_Problem_
Only the lines from the one containing "this 1149×893 image." through the end of the records should be retyped, exactly and including both ends; pictures stay out.

_The input_
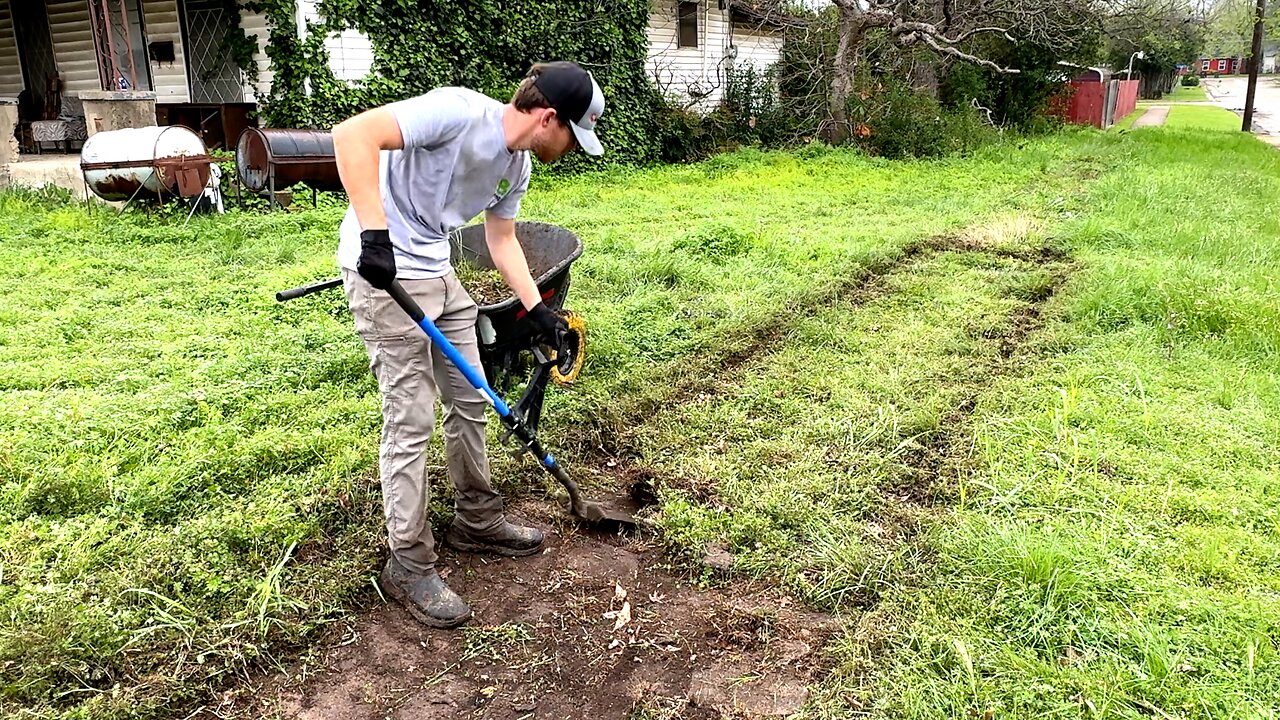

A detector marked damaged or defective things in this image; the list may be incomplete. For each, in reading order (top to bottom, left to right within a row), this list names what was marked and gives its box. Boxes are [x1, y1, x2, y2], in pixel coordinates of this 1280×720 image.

rusty metal tank [80, 124, 212, 199]
rusty metal barrel [80, 124, 212, 199]
rusty metal tank [235, 126, 343, 192]
rusty metal barrel [235, 126, 345, 192]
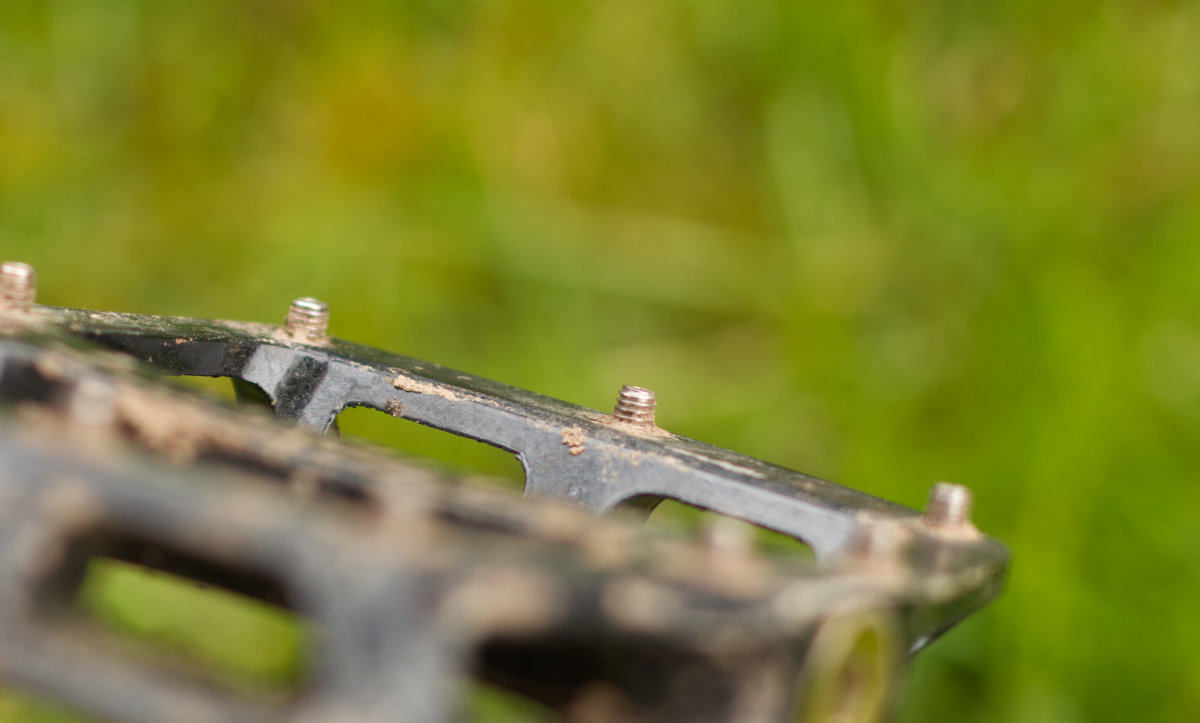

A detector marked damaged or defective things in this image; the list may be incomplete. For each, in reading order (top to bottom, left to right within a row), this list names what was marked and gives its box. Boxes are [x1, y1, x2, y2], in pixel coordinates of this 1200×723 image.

rusty screw [0, 260, 36, 306]
rusty screw [284, 296, 330, 344]
rusty screw [616, 388, 660, 428]
rusty screw [924, 484, 972, 528]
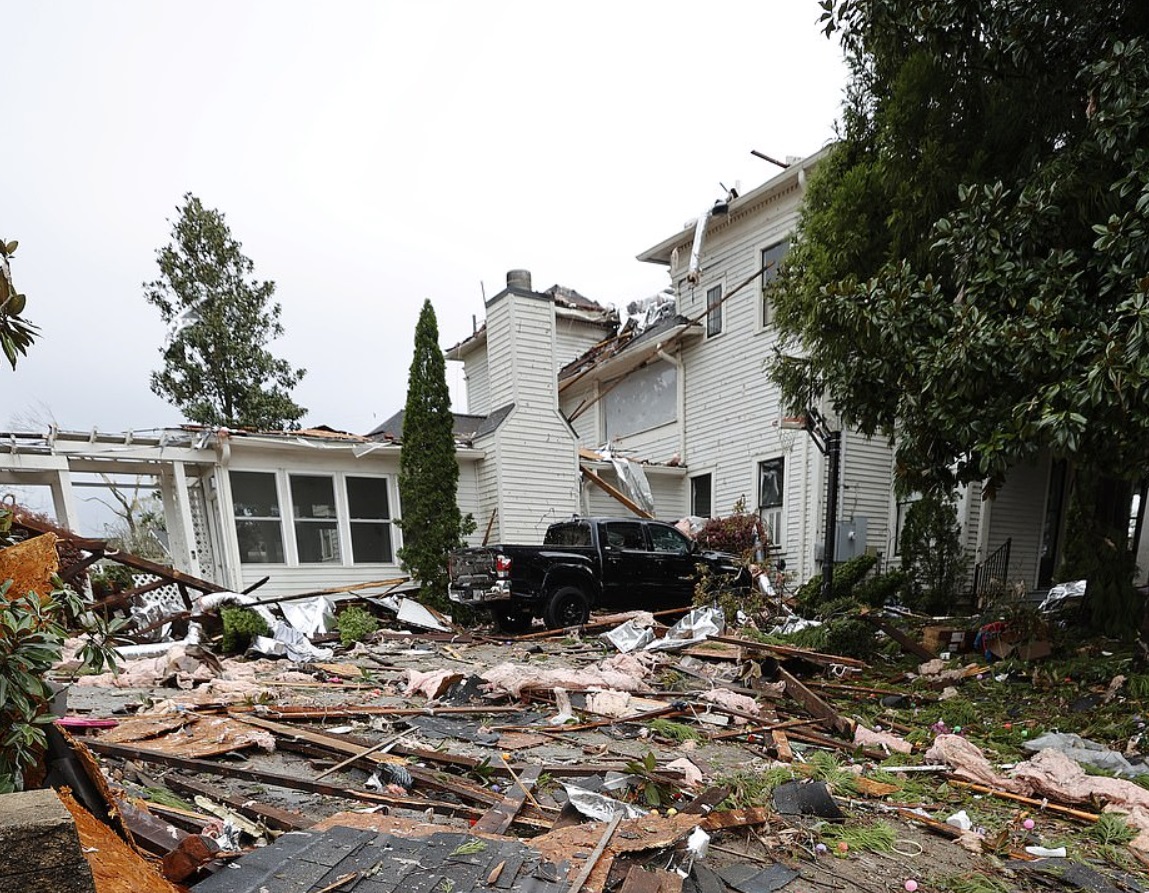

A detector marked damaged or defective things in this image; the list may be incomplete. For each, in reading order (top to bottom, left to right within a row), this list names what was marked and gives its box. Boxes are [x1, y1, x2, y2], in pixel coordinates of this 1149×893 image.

broken window frame [760, 240, 788, 328]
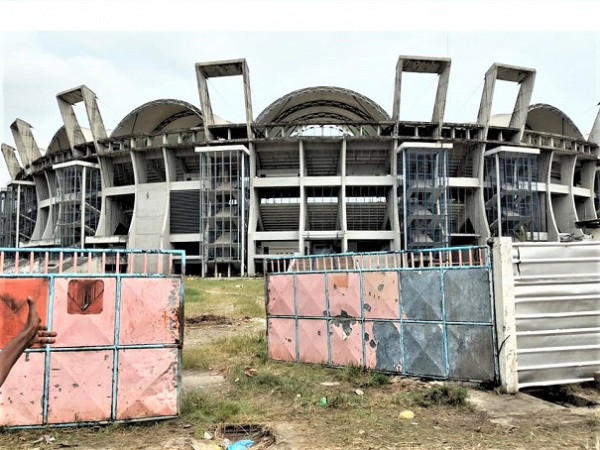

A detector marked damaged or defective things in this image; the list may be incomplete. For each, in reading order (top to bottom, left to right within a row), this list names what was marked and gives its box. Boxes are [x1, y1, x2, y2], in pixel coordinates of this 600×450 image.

rusty metal panel [268, 316, 296, 362]
rusty metal panel [512, 241, 600, 388]
rusty metal panel [116, 348, 178, 418]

_Written solution_
A detector marked damaged or defective things in this image; the list may be incomplete. For each, in reading order (top to bottom, left to right within a row), this list names what was marked and gives its box. Boxes are [x1, y1, x2, y2], in pixel coordinates of this 1149×893 image.

broken window frame [760, 240, 788, 328]

A detector marked damaged or defective things in this image; the list may be incomplete. For each, in reading order (top to bottom, left to right within a row), this list names what was marked and gives its box. Boxes are [x1, y1, x2, y2], in pixel coordinates of this 600×450 image.

rusty metal panel [268, 316, 296, 362]
rusty metal panel [512, 241, 600, 388]
rusty metal panel [116, 348, 178, 418]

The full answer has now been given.